Category: Gay / Lesbian / Bisexual / Transgender Issues

Symposium

Minority Stress, Self-Regulation, and Executive Function: Experimental Investigation of Gay and Lesbian Adults

Friday, November 17
3:30 PM - 5:00 PM
Location: Cobalt 501, Level 5, Cobalt Level

Keywords: L / G / B / T | Stigma | Cognitive Processes
Presentation Type: Symposium

Background: Health disparities based on sexual orientation are partially attributable to minority stress. However, the mechanisms underlying how minority stress affects health are poorly understood. Theory and preliminary evidence within neuropsychology and social psychology are beginning to suggest that chronic experiences of rejection may contribute to cognitive depletion, particularly in the area of executive function, as well as difficulties with self-regulation of health behaviors.
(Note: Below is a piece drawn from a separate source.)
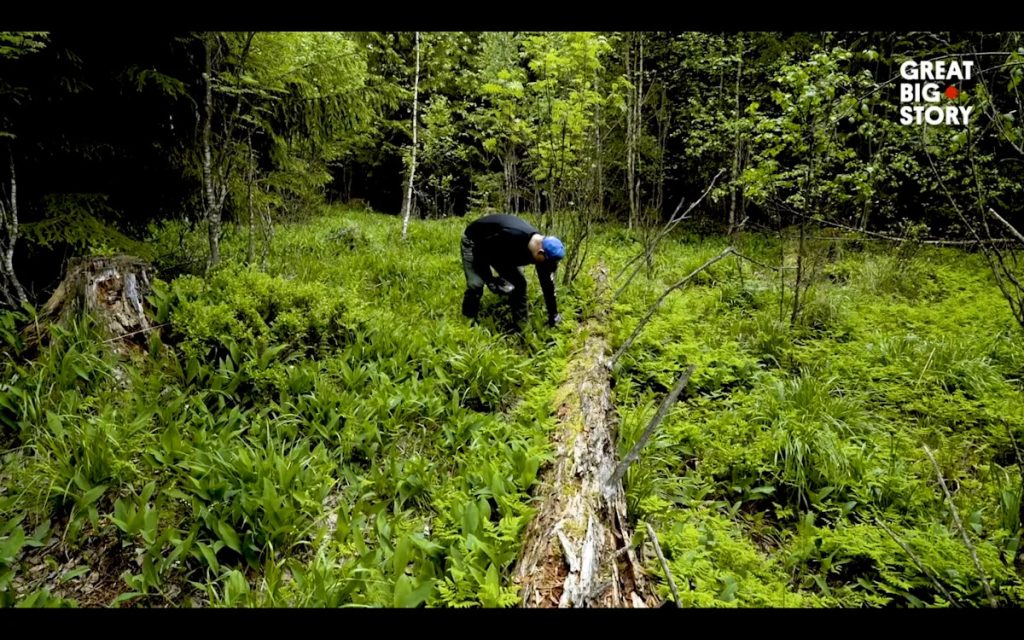The Forbidden Delicacy: False Morel in Finland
If present, these executive and self-regulatory depletion effects may begin to explain how minority stress contributes to health disparities.

Method: The current study was an experimental investigation of gay and lesbian adults (N = 141) that involved having participants engage in a stressful, evaluative interpersonal task with a confederate who they were led to believe held either positive or negative views toward sexual minorities.

Results: We examined how experimental condition affected self-regulation, including cognition (an executive function battery from the DKEFS administered at baseline and after the manipulation) and behavioral regulation (number of healthy and unhealthy snacks chosen at the end of the lab session). We also tested mediators of these effects, including state anger and anxiety, expressive suppression, cognitive interference, and disclosure of sexual orientation. Consistent with hypotheses, participants in the anti-gay condition chose a greater number of unhealthy snacks. Contrary to hypotheses, these participants actually showed greater improvement in cognitive performance than participants in the pro-gay condition. This effect was mediated by state anger.


Discussion: Possible explanations for this unexpected pattern of findings as well as future research directions are discussed in context of the neuropsychological, social psychological, and gay and lesbian health literature. Despite limitations, this study was among the first to experimentally manipulate minority stress in this population and the first to observe effects on executive and self-regulatory depletion. The results suggest both motivational/resilient as well as detrimental/depleting consequences of minority stress for gay men and lesbian women.